Dating stinks! Courtesy eHarmony I had a "date" *read met for coffee* last Saturday. There is something quintessentially awkward about meeting someone you've never set eyes on (pictures sooooo don't count) and then making small talk, all while trying to appear that you're not meeting someone for the first time to the casual passerby. I am not a social butterfly at the best of times so this is particularly painful for me.
It is excruciating if there is no chemistry and a forced conversation. The man I met while not grotesque looking rated high on the needy scale. I have to wonder if all men who use an Internet service for dating are all this needy. I had arrived before him and was waiting for my coffee when he came in. He came directly to me, I smiled, said Heya, and directed him to the line up to order. Because he kept coming and standing by me I told him to sit down and I'd be there as soon as my drink was made. Seriously, could he not figure this out on his own? Once sitting we began the gamut of small talk - where do you work, do you enjoy it, so you like soccer, what else do enjoy doing and on and on and on... He began to ring my red flag bell when I'd ask a question, he'd answer, I'd respond that I'm not really into that sport, and he'd respond changing his answer to match mine. Yike!
After catching me checking out a sizzling hot guy (I tried not to but he was stunning!) my coffee companion asked me if I'd like to go to a movie. As in right now. Verbally stumbling, I tried to find a nice way to say when hell freezes over. Coming up with the standard - I have to go take care of my animals response - he persisted. Surely someone else can do my chores. Surely I have nothing better to do than spend more time with him. He seemed to be struggling with reading my disinterested body language. Checking my phone I happily discovered his allotted hour was up. Making a big deal I said I had to go as it was getting late.

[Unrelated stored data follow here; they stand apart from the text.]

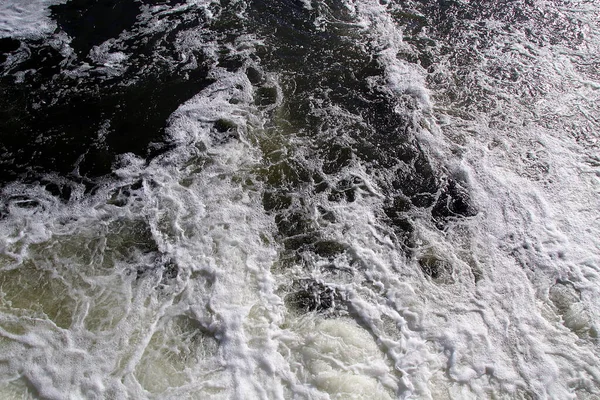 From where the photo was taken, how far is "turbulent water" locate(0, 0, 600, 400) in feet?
12.8

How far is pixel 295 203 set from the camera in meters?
5.21

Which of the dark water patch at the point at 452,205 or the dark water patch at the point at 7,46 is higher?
the dark water patch at the point at 452,205

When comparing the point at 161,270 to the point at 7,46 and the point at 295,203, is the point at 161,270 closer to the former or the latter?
the point at 295,203

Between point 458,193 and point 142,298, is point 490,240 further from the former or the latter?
→ point 142,298

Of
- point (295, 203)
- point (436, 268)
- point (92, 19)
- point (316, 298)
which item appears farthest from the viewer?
point (92, 19)

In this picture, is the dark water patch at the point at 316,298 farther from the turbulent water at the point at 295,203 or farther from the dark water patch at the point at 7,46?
the dark water patch at the point at 7,46

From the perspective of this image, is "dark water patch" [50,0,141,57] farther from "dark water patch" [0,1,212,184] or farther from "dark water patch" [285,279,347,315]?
"dark water patch" [285,279,347,315]

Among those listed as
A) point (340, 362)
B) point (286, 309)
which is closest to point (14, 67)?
point (286, 309)

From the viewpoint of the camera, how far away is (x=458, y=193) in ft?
17.8

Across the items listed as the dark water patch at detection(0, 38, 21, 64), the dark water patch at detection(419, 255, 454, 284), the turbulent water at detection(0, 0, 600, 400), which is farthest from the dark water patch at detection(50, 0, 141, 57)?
the dark water patch at detection(419, 255, 454, 284)

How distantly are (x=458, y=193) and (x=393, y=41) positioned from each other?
3.45 metres

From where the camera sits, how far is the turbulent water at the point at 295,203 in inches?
154

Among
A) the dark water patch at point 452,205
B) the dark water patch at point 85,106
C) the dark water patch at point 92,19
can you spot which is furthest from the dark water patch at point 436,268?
the dark water patch at point 92,19

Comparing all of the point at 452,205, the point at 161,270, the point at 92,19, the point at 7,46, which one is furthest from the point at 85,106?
the point at 452,205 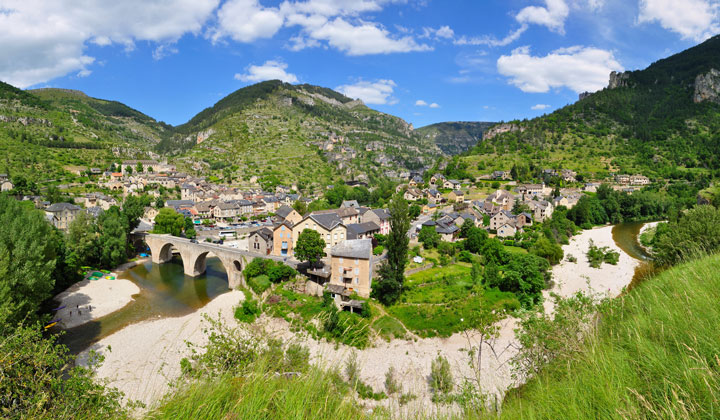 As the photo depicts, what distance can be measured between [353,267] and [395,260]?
4.02 meters

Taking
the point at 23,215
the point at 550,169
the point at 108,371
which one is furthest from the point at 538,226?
the point at 23,215

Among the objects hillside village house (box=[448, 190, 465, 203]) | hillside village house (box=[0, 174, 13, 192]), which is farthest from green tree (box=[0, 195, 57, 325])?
hillside village house (box=[448, 190, 465, 203])

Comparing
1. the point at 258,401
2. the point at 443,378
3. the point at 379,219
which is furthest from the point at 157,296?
the point at 258,401

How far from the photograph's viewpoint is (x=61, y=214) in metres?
55.3

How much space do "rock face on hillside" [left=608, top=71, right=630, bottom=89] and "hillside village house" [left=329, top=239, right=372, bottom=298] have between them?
187 m

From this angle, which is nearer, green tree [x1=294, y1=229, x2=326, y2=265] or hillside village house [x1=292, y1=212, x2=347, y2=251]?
green tree [x1=294, y1=229, x2=326, y2=265]

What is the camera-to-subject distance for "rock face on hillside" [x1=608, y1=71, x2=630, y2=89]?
155 metres

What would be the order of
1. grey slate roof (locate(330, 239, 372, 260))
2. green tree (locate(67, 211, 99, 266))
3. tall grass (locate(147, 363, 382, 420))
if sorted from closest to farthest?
tall grass (locate(147, 363, 382, 420)) < grey slate roof (locate(330, 239, 372, 260)) < green tree (locate(67, 211, 99, 266))

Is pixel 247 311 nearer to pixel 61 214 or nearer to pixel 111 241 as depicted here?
pixel 111 241

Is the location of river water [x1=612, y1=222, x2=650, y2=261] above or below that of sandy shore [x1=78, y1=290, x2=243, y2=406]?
above

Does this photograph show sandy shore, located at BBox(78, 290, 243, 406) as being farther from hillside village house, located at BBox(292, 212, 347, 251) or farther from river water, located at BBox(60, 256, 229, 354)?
hillside village house, located at BBox(292, 212, 347, 251)

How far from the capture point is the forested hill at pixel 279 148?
122 m

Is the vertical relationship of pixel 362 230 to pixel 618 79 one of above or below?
below

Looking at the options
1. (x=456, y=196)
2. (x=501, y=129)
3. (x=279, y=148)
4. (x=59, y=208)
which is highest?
(x=501, y=129) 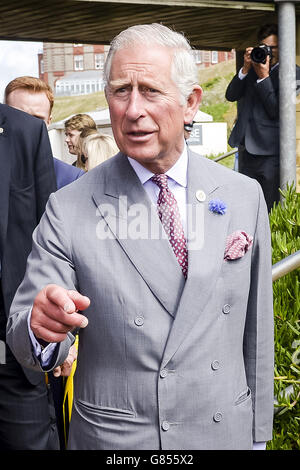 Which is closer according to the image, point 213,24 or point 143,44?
point 143,44

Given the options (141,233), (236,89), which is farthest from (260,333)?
(236,89)

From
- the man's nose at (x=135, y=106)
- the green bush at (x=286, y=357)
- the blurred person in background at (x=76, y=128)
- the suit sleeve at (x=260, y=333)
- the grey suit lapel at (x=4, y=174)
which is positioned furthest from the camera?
the blurred person in background at (x=76, y=128)

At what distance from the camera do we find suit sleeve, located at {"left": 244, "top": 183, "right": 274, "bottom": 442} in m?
2.38

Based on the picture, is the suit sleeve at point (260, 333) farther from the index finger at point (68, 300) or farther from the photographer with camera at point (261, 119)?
the photographer with camera at point (261, 119)

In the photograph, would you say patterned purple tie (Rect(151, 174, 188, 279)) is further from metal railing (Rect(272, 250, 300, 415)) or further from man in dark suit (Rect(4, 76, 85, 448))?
man in dark suit (Rect(4, 76, 85, 448))

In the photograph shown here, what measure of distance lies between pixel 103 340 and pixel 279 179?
5.49 meters

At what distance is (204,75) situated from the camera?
6881cm

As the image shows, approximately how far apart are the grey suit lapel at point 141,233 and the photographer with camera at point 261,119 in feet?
16.7

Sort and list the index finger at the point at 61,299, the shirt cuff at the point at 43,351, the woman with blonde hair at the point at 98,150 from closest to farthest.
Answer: the index finger at the point at 61,299, the shirt cuff at the point at 43,351, the woman with blonde hair at the point at 98,150

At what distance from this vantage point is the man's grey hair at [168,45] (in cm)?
211

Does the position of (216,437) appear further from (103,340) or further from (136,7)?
(136,7)

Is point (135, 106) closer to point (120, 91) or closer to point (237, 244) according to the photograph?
point (120, 91)

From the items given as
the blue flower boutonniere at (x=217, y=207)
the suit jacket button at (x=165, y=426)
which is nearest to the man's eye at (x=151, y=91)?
the blue flower boutonniere at (x=217, y=207) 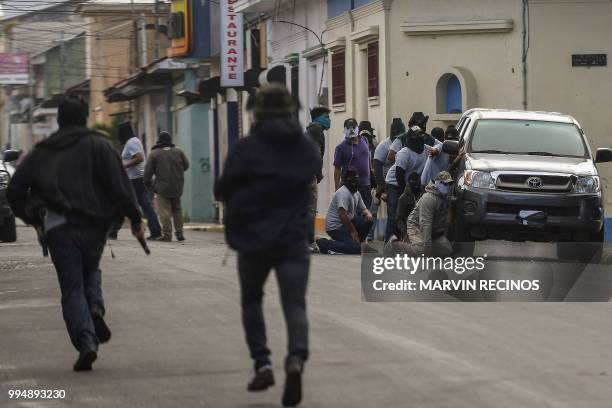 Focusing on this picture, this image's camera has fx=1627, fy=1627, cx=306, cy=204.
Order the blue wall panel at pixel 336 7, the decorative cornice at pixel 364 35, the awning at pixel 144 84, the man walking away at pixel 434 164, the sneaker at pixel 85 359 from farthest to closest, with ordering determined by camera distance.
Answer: the awning at pixel 144 84, the blue wall panel at pixel 336 7, the decorative cornice at pixel 364 35, the man walking away at pixel 434 164, the sneaker at pixel 85 359

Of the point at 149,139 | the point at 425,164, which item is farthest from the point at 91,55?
the point at 425,164

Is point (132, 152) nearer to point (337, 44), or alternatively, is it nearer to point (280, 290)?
point (337, 44)

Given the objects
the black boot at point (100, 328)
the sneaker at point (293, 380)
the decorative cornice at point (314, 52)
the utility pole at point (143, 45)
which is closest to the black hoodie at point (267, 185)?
the sneaker at point (293, 380)

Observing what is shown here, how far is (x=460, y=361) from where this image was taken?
1016cm

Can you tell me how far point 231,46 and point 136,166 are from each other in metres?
13.6

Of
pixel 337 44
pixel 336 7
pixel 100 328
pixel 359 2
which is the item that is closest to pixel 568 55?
pixel 359 2

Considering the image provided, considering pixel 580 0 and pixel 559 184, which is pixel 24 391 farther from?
pixel 580 0

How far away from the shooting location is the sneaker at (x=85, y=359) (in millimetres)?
9992

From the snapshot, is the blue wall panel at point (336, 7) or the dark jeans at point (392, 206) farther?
the blue wall panel at point (336, 7)

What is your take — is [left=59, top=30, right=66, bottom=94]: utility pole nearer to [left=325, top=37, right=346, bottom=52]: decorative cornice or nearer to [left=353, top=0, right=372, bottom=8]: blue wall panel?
[left=325, top=37, right=346, bottom=52]: decorative cornice

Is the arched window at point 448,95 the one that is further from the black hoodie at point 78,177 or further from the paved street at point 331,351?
the black hoodie at point 78,177

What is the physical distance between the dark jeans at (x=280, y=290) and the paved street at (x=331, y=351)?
372 mm

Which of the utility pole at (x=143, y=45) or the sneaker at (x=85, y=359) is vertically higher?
the utility pole at (x=143, y=45)

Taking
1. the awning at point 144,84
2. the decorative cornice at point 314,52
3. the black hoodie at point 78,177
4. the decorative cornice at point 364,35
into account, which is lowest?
the black hoodie at point 78,177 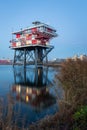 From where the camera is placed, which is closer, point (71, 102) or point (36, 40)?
point (71, 102)

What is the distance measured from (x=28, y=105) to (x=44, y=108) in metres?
1.07

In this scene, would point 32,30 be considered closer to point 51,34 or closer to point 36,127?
point 51,34

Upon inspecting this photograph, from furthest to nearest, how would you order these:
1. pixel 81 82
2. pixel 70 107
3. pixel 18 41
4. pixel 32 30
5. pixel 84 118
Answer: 1. pixel 18 41
2. pixel 32 30
3. pixel 81 82
4. pixel 70 107
5. pixel 84 118

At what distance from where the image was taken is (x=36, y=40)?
153 feet

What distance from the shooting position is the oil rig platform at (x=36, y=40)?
46.6 meters

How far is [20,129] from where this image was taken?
7.43 m

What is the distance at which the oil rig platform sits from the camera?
1834 inches

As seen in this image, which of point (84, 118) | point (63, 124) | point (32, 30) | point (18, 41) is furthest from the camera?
point (18, 41)

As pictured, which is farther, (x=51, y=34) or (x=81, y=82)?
(x=51, y=34)

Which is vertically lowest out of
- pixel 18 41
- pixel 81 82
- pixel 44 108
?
pixel 44 108

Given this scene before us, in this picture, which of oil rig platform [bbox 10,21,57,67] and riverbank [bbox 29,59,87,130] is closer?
riverbank [bbox 29,59,87,130]

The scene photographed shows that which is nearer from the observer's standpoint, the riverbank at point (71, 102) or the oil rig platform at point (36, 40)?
the riverbank at point (71, 102)

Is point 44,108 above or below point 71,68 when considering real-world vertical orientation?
below

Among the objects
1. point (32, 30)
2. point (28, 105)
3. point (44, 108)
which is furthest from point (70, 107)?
point (32, 30) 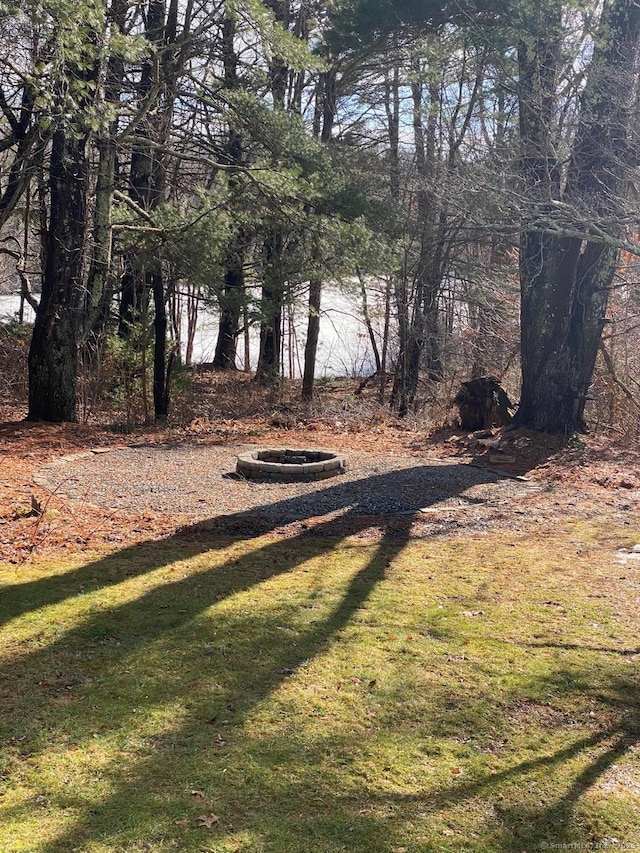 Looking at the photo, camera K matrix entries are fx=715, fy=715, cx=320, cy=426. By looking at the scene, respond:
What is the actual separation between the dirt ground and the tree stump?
13.2 inches

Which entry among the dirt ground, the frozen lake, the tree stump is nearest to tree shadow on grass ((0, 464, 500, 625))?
the dirt ground

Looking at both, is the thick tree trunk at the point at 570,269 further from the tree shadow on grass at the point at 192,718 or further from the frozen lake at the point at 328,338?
the tree shadow on grass at the point at 192,718

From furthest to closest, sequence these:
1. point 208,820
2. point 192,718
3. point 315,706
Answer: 1. point 315,706
2. point 192,718
3. point 208,820

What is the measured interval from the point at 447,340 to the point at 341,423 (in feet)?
16.8

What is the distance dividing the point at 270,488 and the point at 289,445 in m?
2.10

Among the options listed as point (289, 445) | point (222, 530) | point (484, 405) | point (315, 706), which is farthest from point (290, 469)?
point (315, 706)

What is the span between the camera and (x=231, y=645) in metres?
3.68

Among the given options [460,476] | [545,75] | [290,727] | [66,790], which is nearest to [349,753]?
[290,727]

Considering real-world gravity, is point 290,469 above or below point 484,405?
below

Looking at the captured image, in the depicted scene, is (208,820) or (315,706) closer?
(208,820)

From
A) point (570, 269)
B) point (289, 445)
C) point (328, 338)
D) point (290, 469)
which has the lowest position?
point (290, 469)

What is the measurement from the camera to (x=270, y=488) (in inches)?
289

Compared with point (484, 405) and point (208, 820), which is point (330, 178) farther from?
point (208, 820)

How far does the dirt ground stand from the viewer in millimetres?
5617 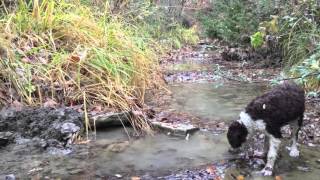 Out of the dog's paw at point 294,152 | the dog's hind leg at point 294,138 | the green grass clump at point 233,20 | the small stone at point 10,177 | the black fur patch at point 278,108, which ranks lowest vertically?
the small stone at point 10,177

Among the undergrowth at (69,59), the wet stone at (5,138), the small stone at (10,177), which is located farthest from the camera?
the undergrowth at (69,59)

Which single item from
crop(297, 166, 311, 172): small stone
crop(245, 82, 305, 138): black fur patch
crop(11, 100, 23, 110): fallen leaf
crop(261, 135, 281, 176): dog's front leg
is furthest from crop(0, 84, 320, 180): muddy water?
crop(11, 100, 23, 110): fallen leaf

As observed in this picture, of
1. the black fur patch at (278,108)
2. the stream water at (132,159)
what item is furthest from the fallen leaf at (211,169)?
the black fur patch at (278,108)

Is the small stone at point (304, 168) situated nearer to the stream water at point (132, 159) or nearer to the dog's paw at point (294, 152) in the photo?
the stream water at point (132, 159)

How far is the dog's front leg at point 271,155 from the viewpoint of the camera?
4.70 meters

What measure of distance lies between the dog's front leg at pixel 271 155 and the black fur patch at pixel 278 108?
0.06 m

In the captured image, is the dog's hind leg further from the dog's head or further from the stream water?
the dog's head

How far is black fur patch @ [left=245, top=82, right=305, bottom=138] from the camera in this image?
4871 millimetres

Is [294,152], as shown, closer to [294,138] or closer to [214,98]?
[294,138]

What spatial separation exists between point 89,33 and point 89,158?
10.9 feet

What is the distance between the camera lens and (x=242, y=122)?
5117 mm

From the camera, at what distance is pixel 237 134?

As we're leaving I pause at the curb to the parking lot. Thanking him for meeting me I turn to go to my car. And he follows. Slowing, I once again thank him. He then asks when the second date will be. Feeling slightly less than nice at his point I respond with a I'll have to think about it. And he continues to walk towards me looking shocked. Starting to develop a twitch in my left eye, I once more thank him, as he continues to move towards me I angle my body in the classic shoulder block maneuver. His arms open - seriously can we say clueless - so I half heartedly go into the one armed hug/shoulder pat keeping my body angled. And he tries to pull me closer!!! Out of the corner of my eye I see his head looming closer... Oh my freaking God he's going to kiss me!!! Jerking and turning my head away I straight arm him away from my body, an involuntary NO! squeaking out.
I was a bit stunned. This guy was bold. Not only could he not read my polite disinterest he took it to mean I wanted to get to know him better. A lot better. Shell shocked, quivering with the heebie jeebie shiver I bolted for my car. Once safely home I sent the thanks but no thanks email.
Seriously, why do men think if you're willing to talk to them you automatically want to jump their bones?